We all know people that don’t let you speak.
They just talk at you rather than with you. They’re too busy sharing their life to consider that you might have something to say.
Well – be careful you’re not doing the same with your email marketing.
The question to ask yourself is:
“Are you listening?”
Listening is understanding
Listening isn’t just about saying nothing and letting the other person speak. It’s about understanding what they are interested in.
We all enjoy talking to someone who is genuinely listening.
What does it mean to actually listen by email? Well, every email you send should be an opportunity to learn rather than an opportunity to sell. That takes a bit of work up front.
Set up your email to listen
Try and get beyond demographics and, as this great blog from litmus suggests, focus on:
- What is the customer doing? Are they opening, clicking or purchasing (“stage”)? Which products are they focussed on (“product”)?
- How are they interacting? What sort of emails are interesting them (“content”)? Is it offers or reviews of latest products?
- Why are they with you? Is it because you are cheap, or have fast delivery, or have great support (“motive”)?
These few questions for the basis of your segmentation. Include them as fields in your database and be on a relentless search to improve them.
Use Trial and Error
Where you have gaps, be prepared to test. See how a subset of your contacts react to an email on the latest new product. Or send them an alternative product to see if they open the email.
Don’t be frightened to ask. It’s the basis of any good customer service. Your contacts will respond well to questions like:
- How can we serve you better?
- Which products can we keep you informed on?
- Which parts of our offering do you find most useful?
You can even embed a survey question in an email.

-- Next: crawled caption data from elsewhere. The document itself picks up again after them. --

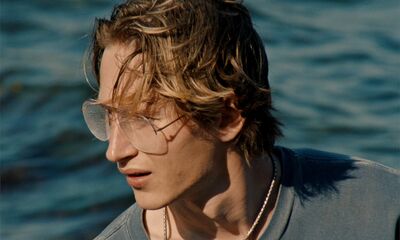A young man glasses by the sea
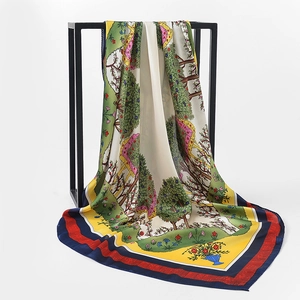 Detail view of large floral satin scarf with landscape print hanging on a black frame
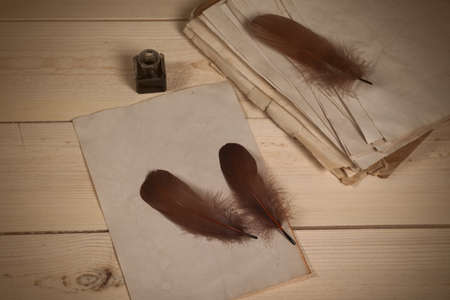Brown goose feathers, ink bottle and empty old papers laying on the wooden deskの写真素材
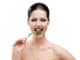 Woman with red lipstick eating broccoli on the stainless fork, isolated on white. Fresh and healthy dieting food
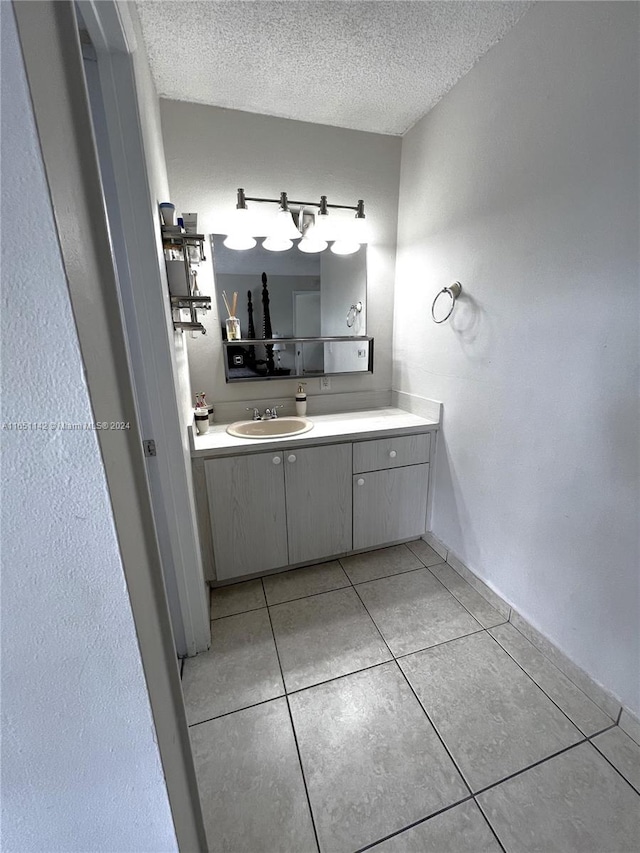 bathroom featuring tile patterned flooring, a textured ceiling, and vanity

Send your emails from a real person and be ready to respond. Even better if that person is their contact point. But make sure you are ready to respond fast! The majority of your recipients will open the email soon after receiving it or not at all.
Focus and Vary
Don’t send all your contacts the same email. Create multiple communications and select the one that suits each customer best based on their segments (stage/ product/ content/ motive)
Refine, Refine, Refine
Add, most importantly, after every email you send make sure to update and refine the information you have against each customer. Have they just clicked through on a different product than before? Have they watched a video of the latest new product?